Former U.S. congresswoman and current Florida gubernatorial candidate Gwen Graham said this week that what sets her apart from her declared competitors in the August primary is that she is “the only Democrat that can win.”

“This is a state with 67 counties, and there are wonderful people from one end to the other,” Graham, 55, said during an interview Wednesday at the Key Largo Holiday Inn. “You have to be able to do well in all counties across the state of Florida and build a coalition.”

In a recent poll of likely Florida voters released by Gravis Marketing, Graham is at the bottom of what’s looking like a tight three-person race at 9 percent, with former Miami Beach Mayor Philip Levine leading at 13 percent, followed by Tallahassee Mayor Andrew Gillum at 11 percent.

While part of her platform is passing “common-sense gun safety laws,” she’s taken heat this week from her opponents for her voting record on gun laws while she served in Congress from 2015 to 2017. Gillum’s communications director Geoff Burgan issued a critical statement Tuesday following the release of Graham’s firearms plan that in part called for the repeal of a 2011 Florida law that bans cities and counties from imposing their own gun control laws.
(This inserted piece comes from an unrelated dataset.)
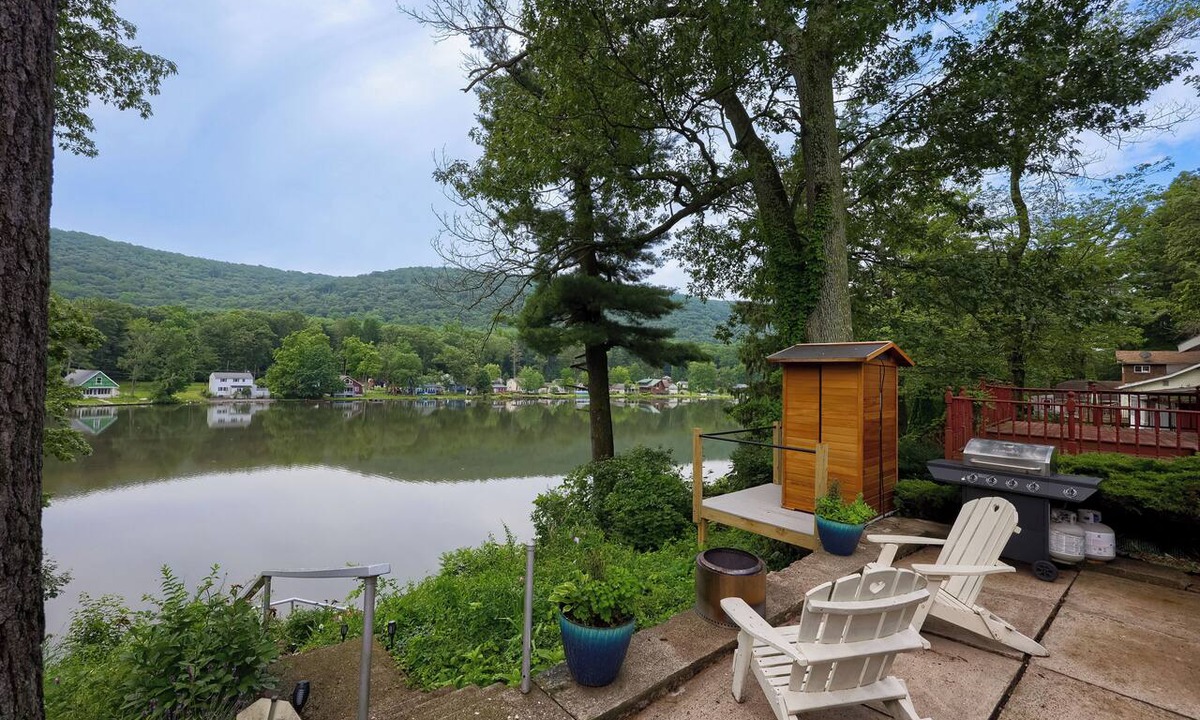 Moon Lake Cottages Cottage | Lakefront Cottage on Moon Lake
“Glad the congresswoman’s election year conversion includes backing @AndrewGillum’s successful fight against the gun lobby,” Burgan wrote on Twitter. “It would have been nice for her to support his fight when she was in Congress.”
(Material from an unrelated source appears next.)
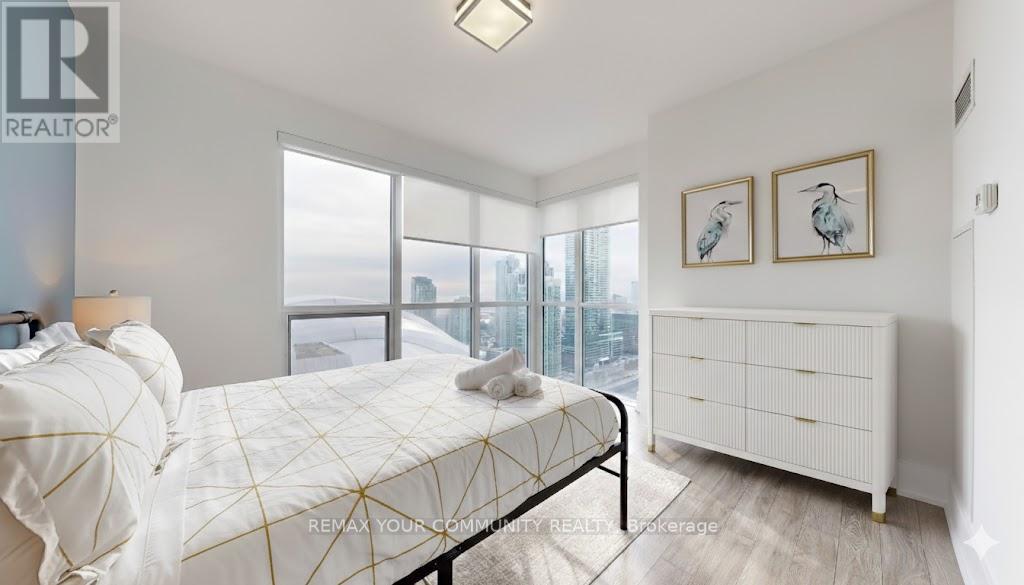 2912 - 300 Front Street, Toronto, Ontario  M5V 0E9 - Photo 18 - C12703024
Burgan was referring to a 2013 statement by Graham that she was a “very big supporter of the Second Amendment.” Democratic governor candidate Chris King attacked Graham earlier this month for not co-sponsoring a bill when she was in Congress that would ban military-style assault weapons following a mass shooting in San Bernardino, California in 2015.

Graham countered these attacks with a statement that the National Rifle Association spent hundreds of thousands of dollars trying unsuccessfully to derail her bid for Congress.

“The NRA spent $300K to try to defeat me a few years ago — they lost,” she stated. “They’ve also spent untold millions buying off Tallahassee politicians and trying to destroy local control — when I’m governor, they will lose again.”

On Wednesday, Graham offered partial praise for the Florida Legislature, which passed its first gun control measure in 20 years in the wake of the Feb. 14 massacre at Marjory Stoneman Douglass High School in Parkland. The bill raises the minimum age of all gun purchases from 18 to 21, creates a waiting period for people buying guns and bans devices that can be attached to the stock of semi-automatic rifles that in effect turn them into fully-automatic machine guns. These so-called bump stocks were used by the Las Vegas shooter when he murdered 58 people in October.

But Graham said the law doesn’t go far enough.